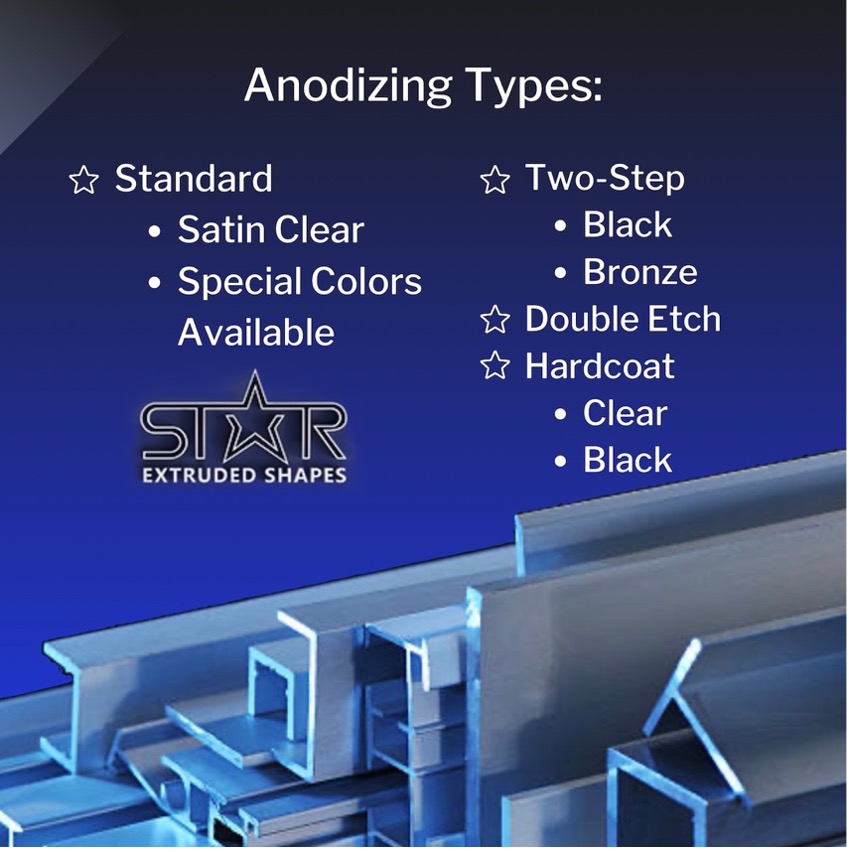 Graphic with blue hues listing Star Extruded Shapes various aluminum anodizing types which include standard, two-step, double etch, and hardcoat. Types of anodizing available include standard, two-step, double etch, and hard coat.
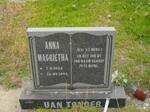 TONDER Anna Magrietha, van 1948-1994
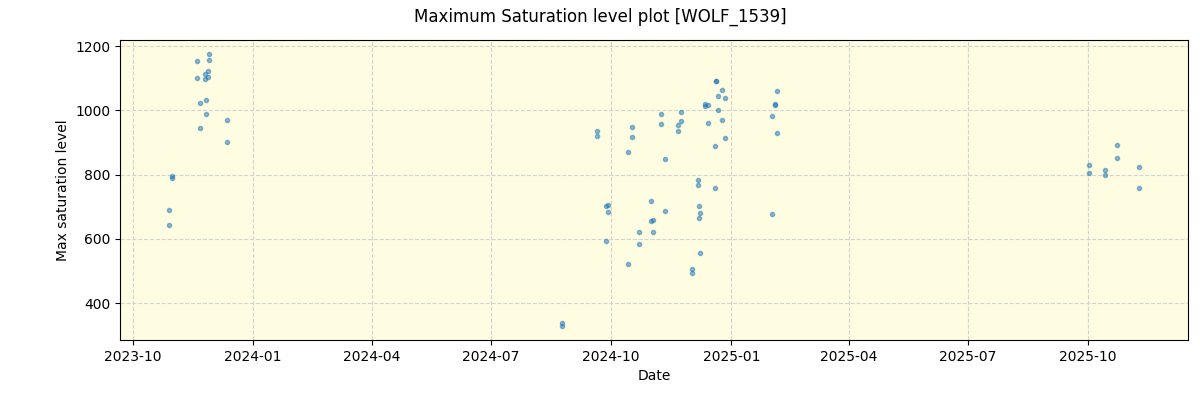 ../../../_images/debug_extsmax_plot_WOLF_1539_nirps_he_online_udem1.png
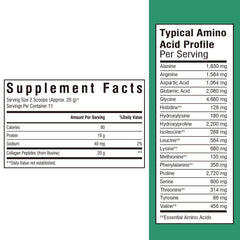 Graphic showing benefits for skin, hair, nails, bones and digestion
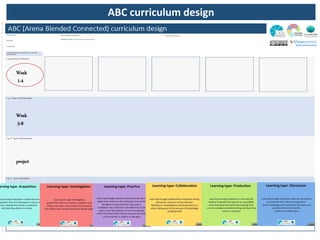 ABC learning design | PPTX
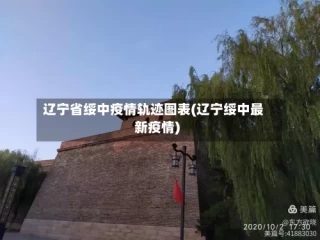 辽宁省绥中疫情轨迹图表(辽宁绥中最新疫情)
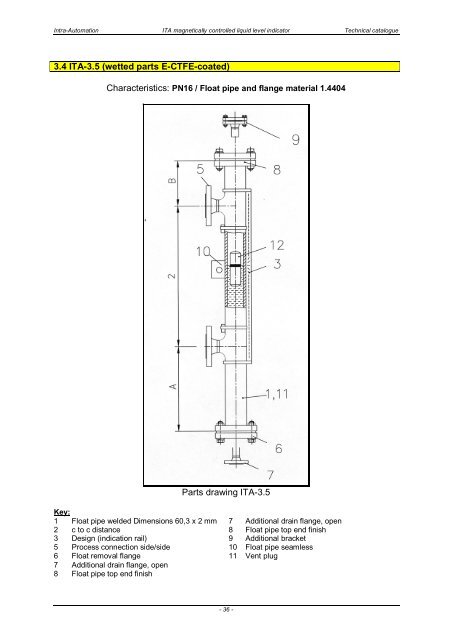 ITA Technical Catalogue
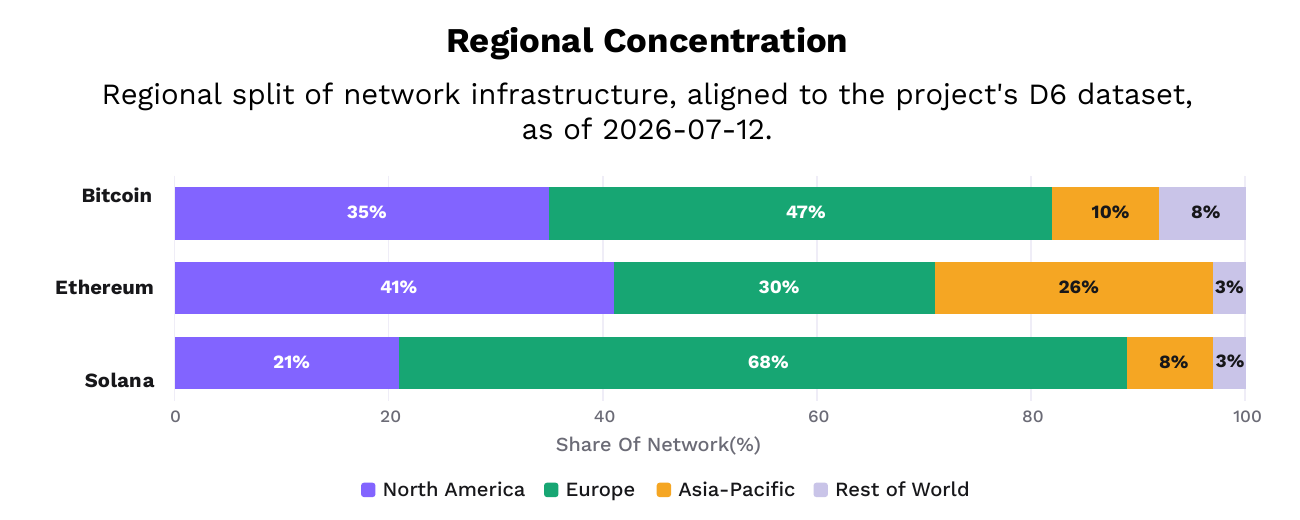 Regional concentration of network infrastructure across Bitcoin, Ethereum, and Solana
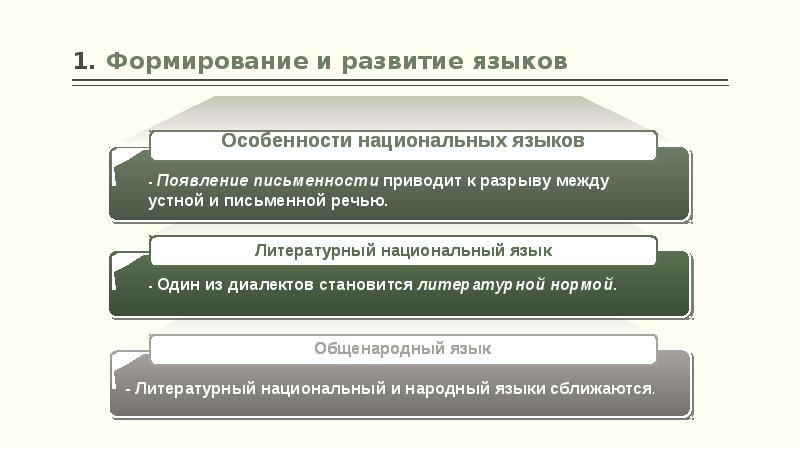 Этапы развития языкознания презентация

▸ What to do
Please reproduce the lines above from the one containing "辽宁省绥中疫情轨迹图表(辽宁绥中最新疫情)" through the final line, exactly and inclusively, leaving out each picture.

▸ Solution to the problem
 辽宁省绥中疫情轨迹图表(辽宁绥中最新疫情)
 ITA Technical Catalogue
 Regional concentration of network infrastructure across Bitcoin, Ethereum, and Solana
 Этапы развития языкознания презентация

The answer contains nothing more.